In a developing economy as typified by that of Nigeria, agriculture is a fundamental sector. It lies at the heart of food security, grapples extreme hunger and poverty and constituting the engine for employment opportunities and economic growth. It also serves as a constant barometer to measure the success level of any government and to attain democratic sustainability.
In Nigeria, agriculture occupies an exceedingly crucial place. The high population rate of Nigeria has a linear relationship with rate of food consumption in the country. This essentially unleashes correspondingly intricate pressure on agriculture and agro-allied activities, far more than it is evident in other sectors.
This implies that if Nigeria must feed its over 150 million population, it has to embark on a strategic shift, taking up agriculture as a national emergency that requires priority and strategic attention.
However, apart from population explosion, several other reasons favour large-scale, mechanised agriculture in the country. First, Nigeria is an agrarian society with over 70 percent of the population involved in subsistence farming. Besides, Nigeria boosts of availability of huge land mass, fertile soil, favourable climate, skilled farmers to put the nation on the global chart of top agricultural nations.
What appears to be missing include; political will, lack of effective co-ordination and desirable credit facility. The urgent need for the nation to diversify from the current monolithic economy that is largely dependent on oil underpins the economic imperative of revitalising the agricultural sector.
These compelling observations underline the imperative nature of the decision and recent actions of the Abia State Governor, Chief T.A Orji towards making agriculture a state priority programme. Only a couple of weeks ago, Governor Orji launched the disbursement of the one billion naira agricultural loan and Roll-Out of Growth Enhancement Support Scheme held at the Aguiyi Ironsi Cenotaph, Ogurube Layout, Umuahia.
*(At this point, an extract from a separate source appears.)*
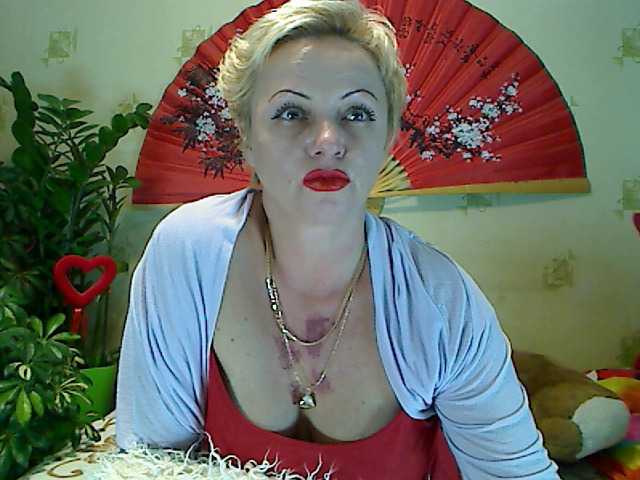 Екранни снимки на излъчване BlondySquirt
He has also established 17 Liberation Farms in each of the 23 local councils in the state while providing tractors to farmers to enhance agricultural development. On yearly basis, the state government has been procuring large quantities of fertilizers which it distributes at higly subsidised rate to farmers. More so, it provided to farmers large quantities of Amazon F3 and CRIN CTI improved cocoa seedlings, in addition to other farm inputs to significantly boost the sector in the state.
To consolidate on the agriculture scheme, the state government has taken a number of steps. It has signed a Memorandum of Understanding (MoU) with the Federal Ministry of Agriculture to guarantee the federal government's collaboration on cassava value chain development and transformation programme. It has also set up the Agricultural Transformation Implementation Committee to monitor, pursue and accomplish government's broad goals on agriculture.
Governor Orji's tenacity towards achieving the agriculture project, according to him, is hinged on his policy of food sufficiency in Abia State ahead of 2015; increasing of export crops production and provision of jobs to the army of employable youths in the state.
He believes that the initiative is part of the determination of his administration to build an economically viable state, through a sustainable agricultural development. "Our programmes and policy thrust are aimed at boosting food production because of the belief that self-sufficiency in food production is panacea for sustainable democracy and economic growth", he once noted.
Orji may well be right. Democracy makes little or no sense when the masses who are meant to benefit from it are walloping in hunger and abject poverty. Democracy without food on the table and provision of other social amenities is vagabond democracy and should be discouraged.
When a government is elected and inaugurated as it was the case of the federal and the 36 states of the federation on May 29, 2011; a responsible government gets down to business to ensuring that democratic dividends trickle down the masses that voted it into power. It is wrong-headed, perfidious to do otherwise.
It is in this context that the efforts of the Abia State government towards making food available to the citizens of Abia State, is considered noteworthy. It is important for other states to genuinely borrow a leaf from Abia State and deepen their efforts in this regard. The ultimate goal should be geared towards making the state food sufficient for the sustenance of democracy.